The West would be perceived as bowing before Hussein's threats, afraid to march on Baghdad for fear of the stout-hearted Iraqi soldiery and the weapons of mass destruction which they deny possessing. The US would get no points for its passivity; it would earn the contempt of the Muslim world for its weakness. This would be sure to inflame further anti-Western violence.
Recall what happened after September 11. There was dancing in the streets of the Middle East because America had been brought low. What happened three months later when the Taliban fell? Many commentators predicted that overthrowing a Muslim regime would arouse the Arab street. Instead there was a deathly silence -- sign of a new-found respect for the power of the US. The lesson is clear: Arabs (and most people in general) respect strength and shun weakness.
Osama bin Laden has been quite explicit in stating this view. "When people see a strong horse and a weak horse," the al-Qaida leader has said, "by nature they will like the strong horse." Unfortunately, the US and her allies have not appeared to be the strong horse for many years. Surveying a series of American defeats -- Vietnam, Lebanon, Somalia -- al-Qaida concluded that if you kill a few Americans you can chase them out of your country.
Coupled with their victory over Russia in Afghanistan, this emboldened the mujahidin to challenge the Great Satan directly. "We believe that America is much weaker than Russia," bin Laden said in a 2000 recruitment video, "and our brothers who fought in Somalia told us they were astonished to observe how weak, impotent and cowardly the American soldier is."
This (false) view of US weakness led al-Qaida to mount a series of escalating attacks against the US, bombing the World Trade Centre in 1993, two embassies in Africa in 1998, the USS Cole in 2000, and the World Trade Centre and Pentagon in 2001. The allied success in Afghanistan has stripped al-Qaida of some of its illusions -- but not all. They have continued attacking innocents, the worst recent atrocity being the bombing that left 181 people dead and 200 injured in Bali last year.
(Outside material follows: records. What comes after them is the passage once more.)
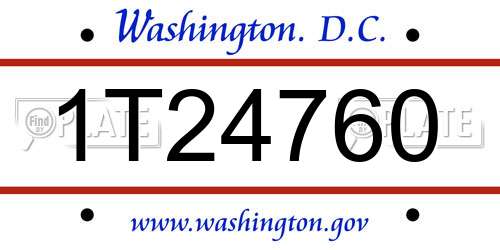 1T24760 District Of Columbia License Plate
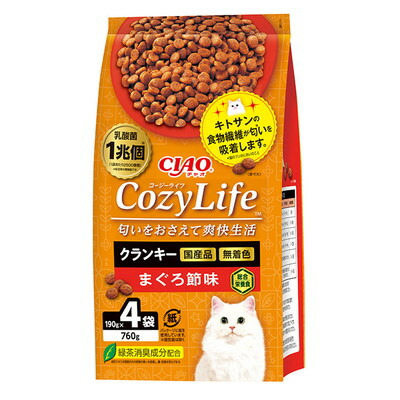 【いなばペットフード】CIAO CozyLife クランキー まぐろ節味 190g×4袋 ☆ペット用品 ※お取り寄せ商品【賞味期限:3ヵ月以上】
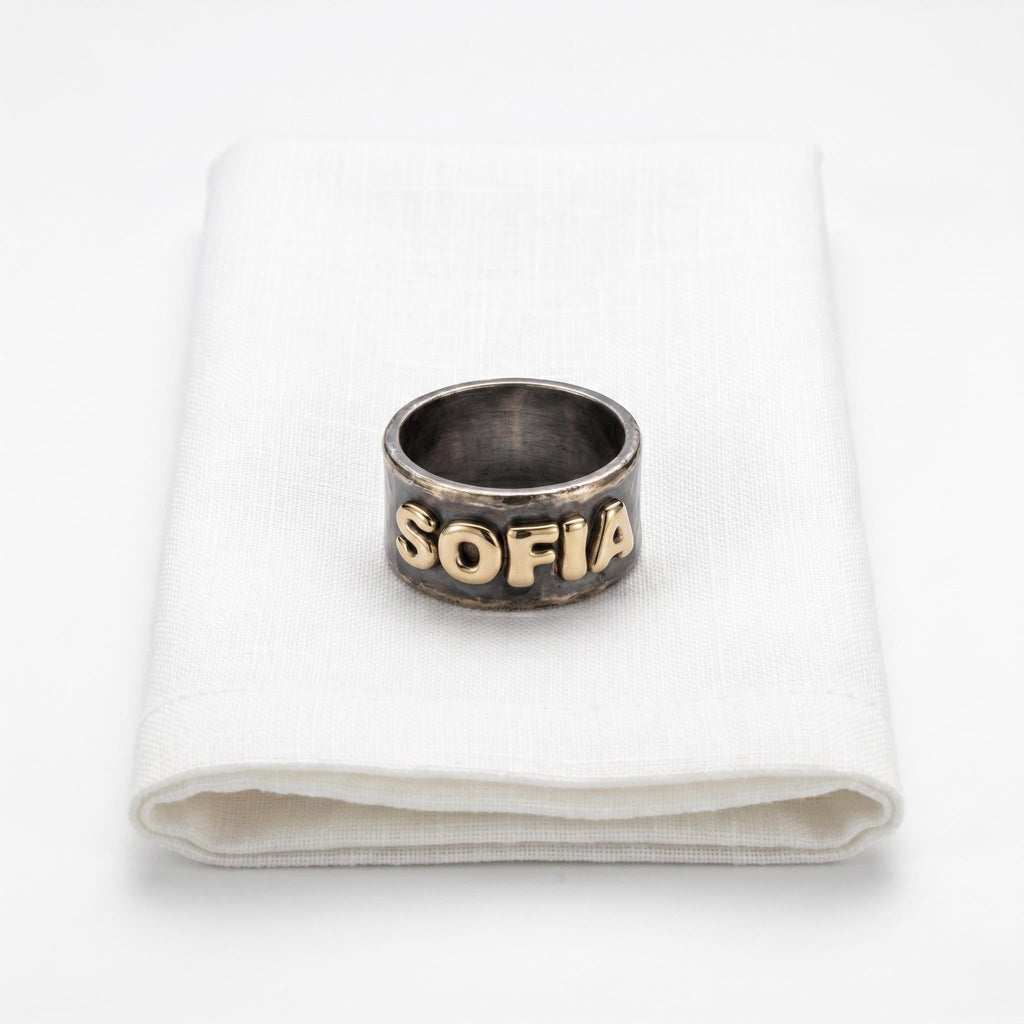 Personalized Brass Embossed Napkin Rings, Antique Gold Brass, Set of 4 Wedding Table Decor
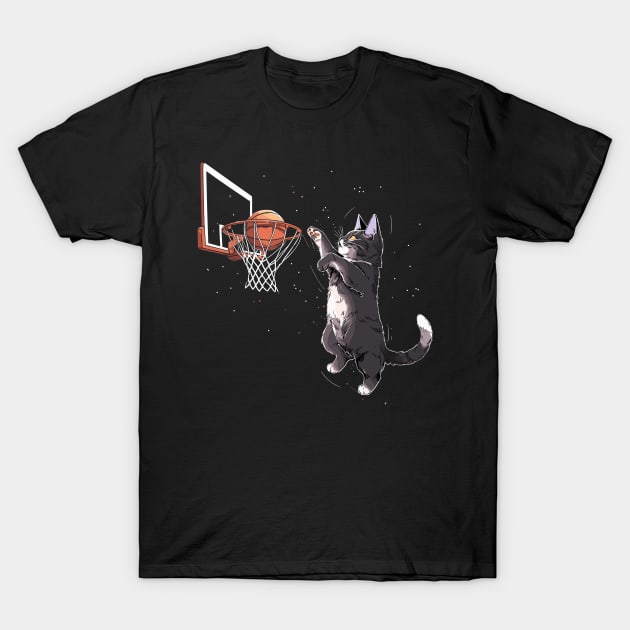 Cat Dunking Basketball Gifts Men Women Kids Funny Cat T-Shirt by KsuAnn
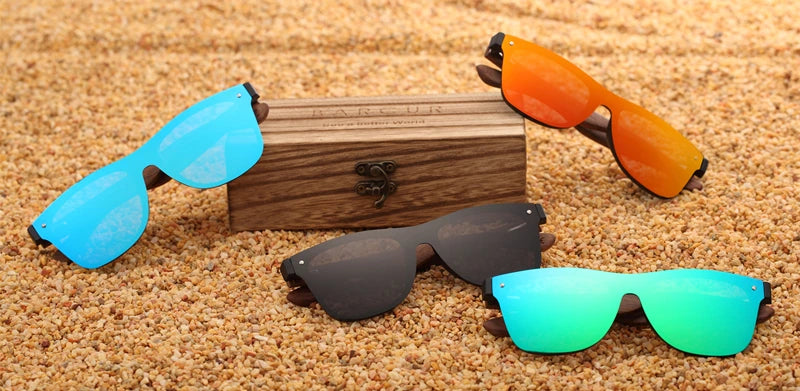BARCUR Walnut Sunglasses for Men Polarized Wood Sun Glasses UV400 Oculos De Sol Masculino Feminino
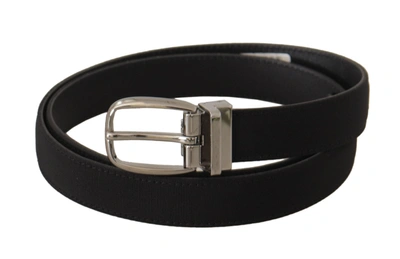 Dolce & Gabbana Black Calf Canvas Silver Tone Logo Metal Belt In Black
It does not matter if there is a direct connection between Hussein and al-Qaida, although there is much circumstantial evidence, laid out by Powell, to suggest that there is. What matters is how a failure to depose Hussein now will be perceived by the al-Qaidas of the world. It will be seen as a green light for further terrorism. No one can say what the effect of ousting the Butcher of Baghdad will be. But it is likely that, at the very least, it will make the enemies of civilisation think twice before striking again.
Max Boot, author of The Savage Wars of Peace: Small Wars and the Rise of American Power (Basic Books, 2002), is senior fellow at the Council on Foreign Relations in New York.